- _YOUR OBJECTIVE_:
Write out the lines of the material below exactly, beginning at the line with "Preview: Sofa Set" and stopping after the line with "MS license plate LRL103", and leave out the pictures.

- _LISTED RECORDS_:
- - -
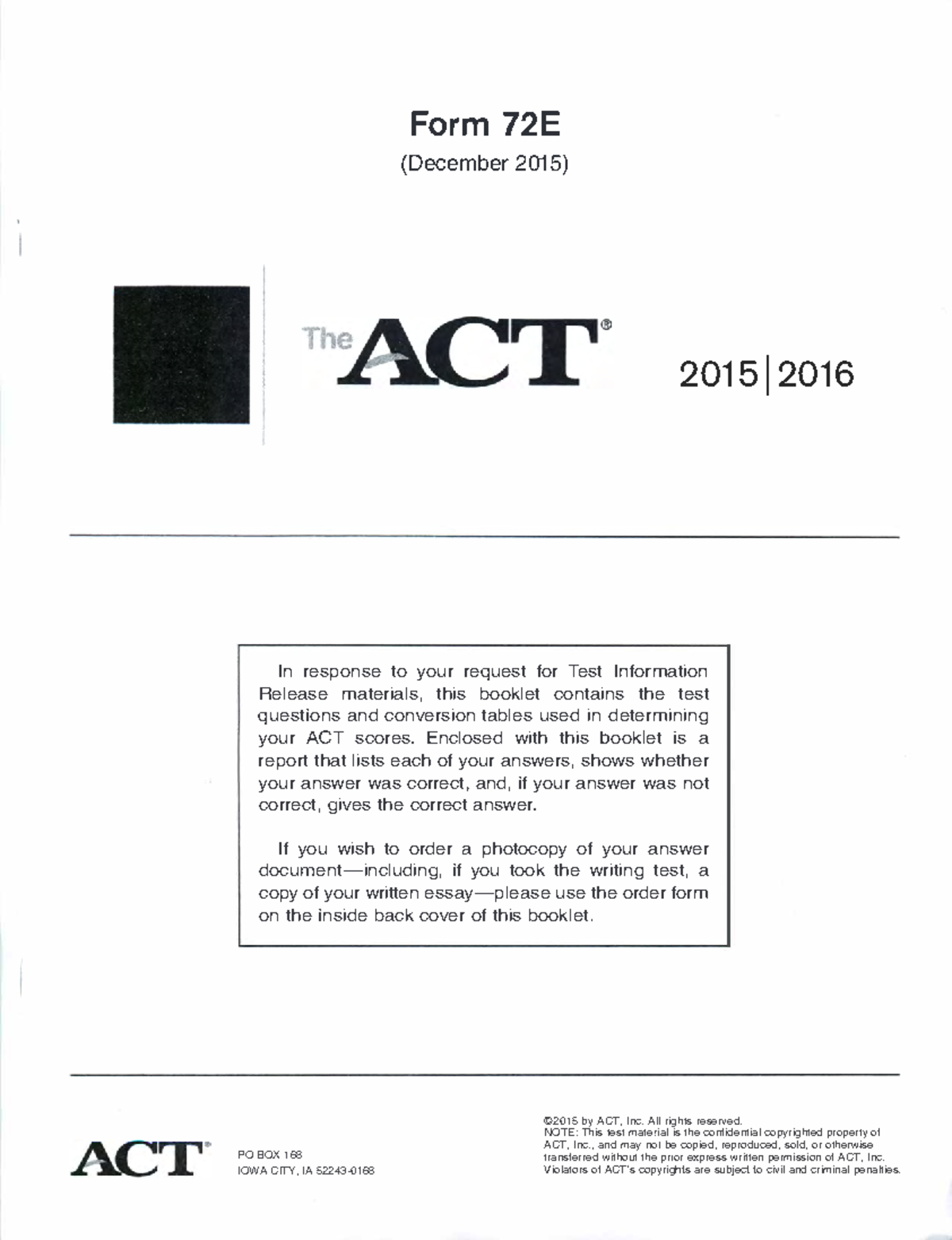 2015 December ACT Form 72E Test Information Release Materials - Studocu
- - -
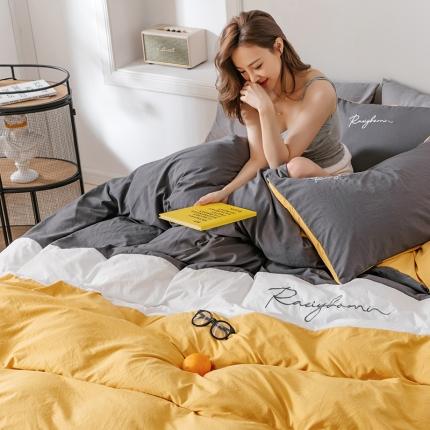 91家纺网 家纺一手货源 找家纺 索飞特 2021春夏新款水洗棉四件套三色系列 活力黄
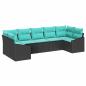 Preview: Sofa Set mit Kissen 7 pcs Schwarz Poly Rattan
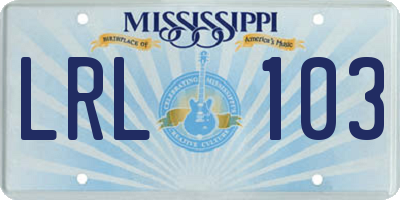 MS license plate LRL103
- - -
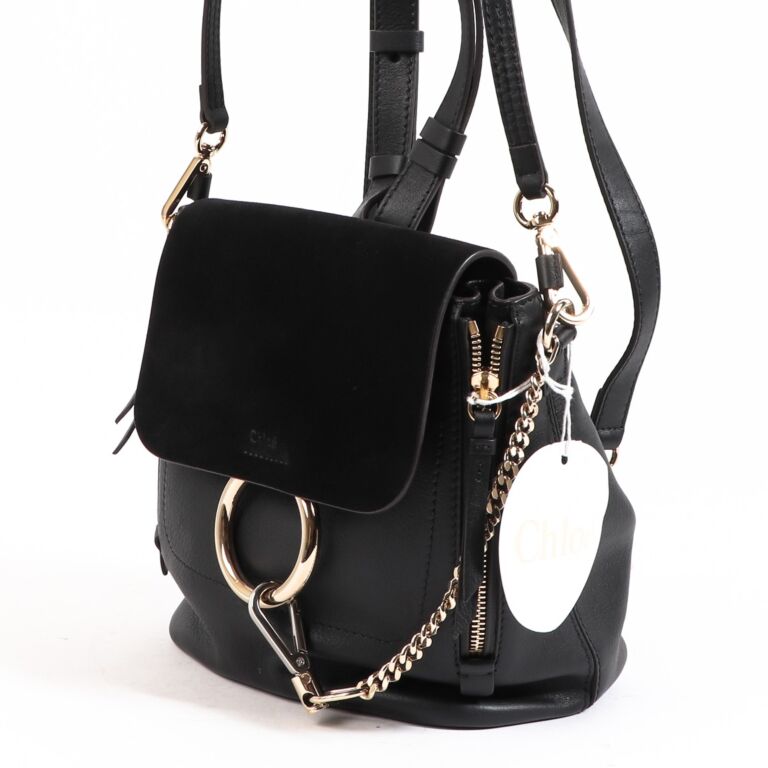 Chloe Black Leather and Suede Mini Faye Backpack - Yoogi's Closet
- - -
- _TASK RESPONSE_:
 Preview: Sofa Set mit Kissen 7 pcs Schwarz Poly Rattan
 MS license plate LRL103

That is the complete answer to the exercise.